Sukses

3 Situasi Politik Ini Diprediksi Memicu Perang Dunia III

Peta politik setelah Perang Dingin berubah dan hal tersebut memicu konflik global selanjutnya, Perang Dunia III.

Liputan6.com, London - Adanya prospek konflik global atau bisa disebut Perang Dunia III baru-baru ini muncul ke permukaan. Peta politik dunia berubah sejak Perang Dunia II berakhir. Itu terjadi karena tak ada kekuatan dominan di antara negara-negara besar.

Eropa sehabis perang usai memiliki proyek bahwa dunia akan aman, berkeadilan sosial, dan manusia hidup harmoni satu sama lain. Namun, makin ke sini impian atas proyek itu kandas. Meningkatnya nasionalisme justru memperburuk situasi di Benua Biru yang penuh sejarah konflik berdarah.

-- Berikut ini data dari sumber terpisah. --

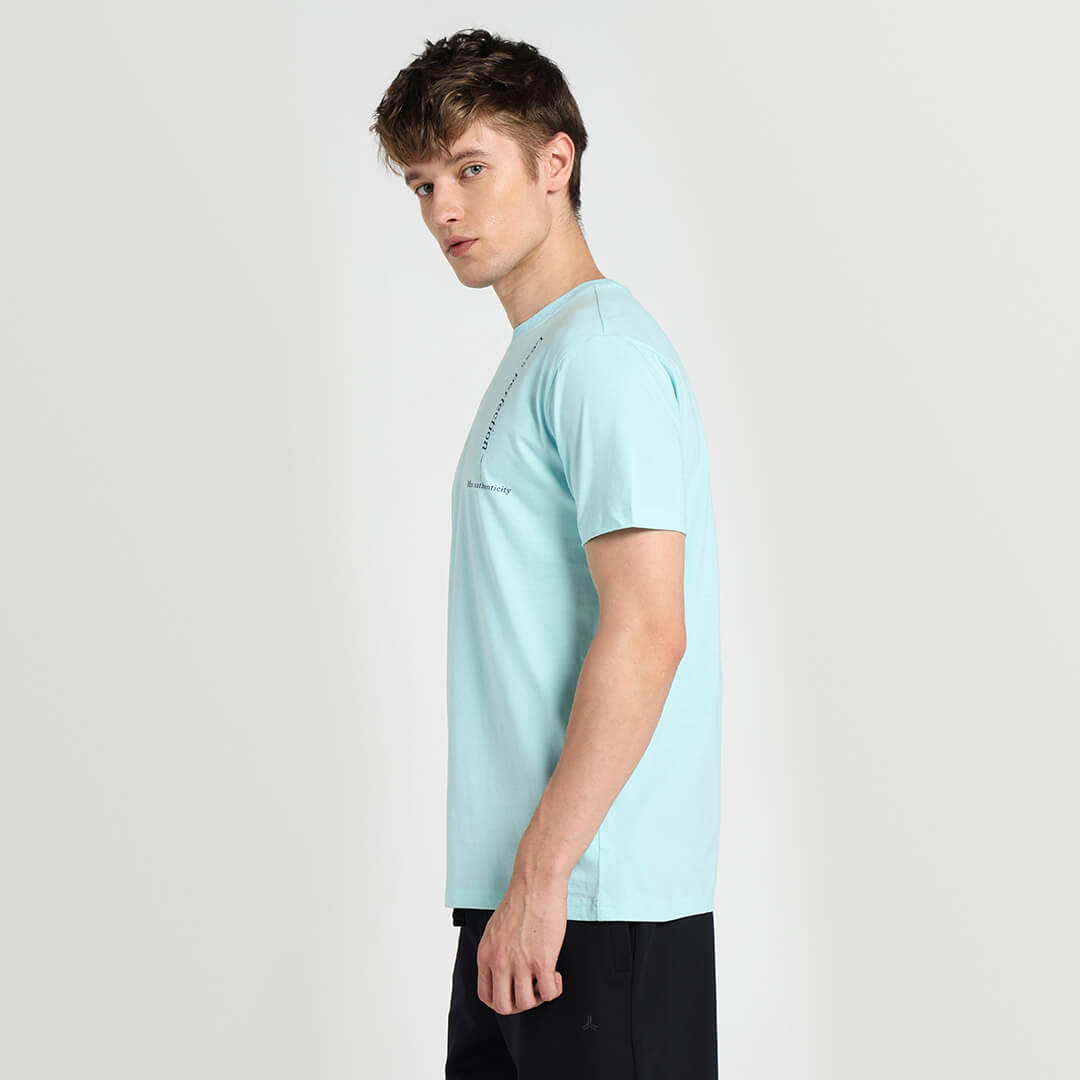 Essential Liner T-shirt - Dream Blue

Pada Abad ke-20, kedua perang dunia itu tak dapat diperkirakan. Seperti dalam buku yang ditulis Christopher Clark The Sleepwalkers: How Europe Went to War in 1914. Buku yang dirilis saat 100 tahun Perang Dunia I itu memuat Eropa tak mengira akan terlibat perang.

Eroba sebelum Perang Dunia I diselimuti ketenangan. Abad ke-19 yang panjang penuh dengan perdamaian dan relatif stabil.

Kekuatan-kekuatan besar di Eropa telah terlibat dalam diplomasi dan perdagangan sebelum serangan pembantaian.

Hal itu dikemukakan oleh opini dari penulis Youssef El-Gingihy yang Liputan6.com kutip dari The Independent, Senin (13/3/2017).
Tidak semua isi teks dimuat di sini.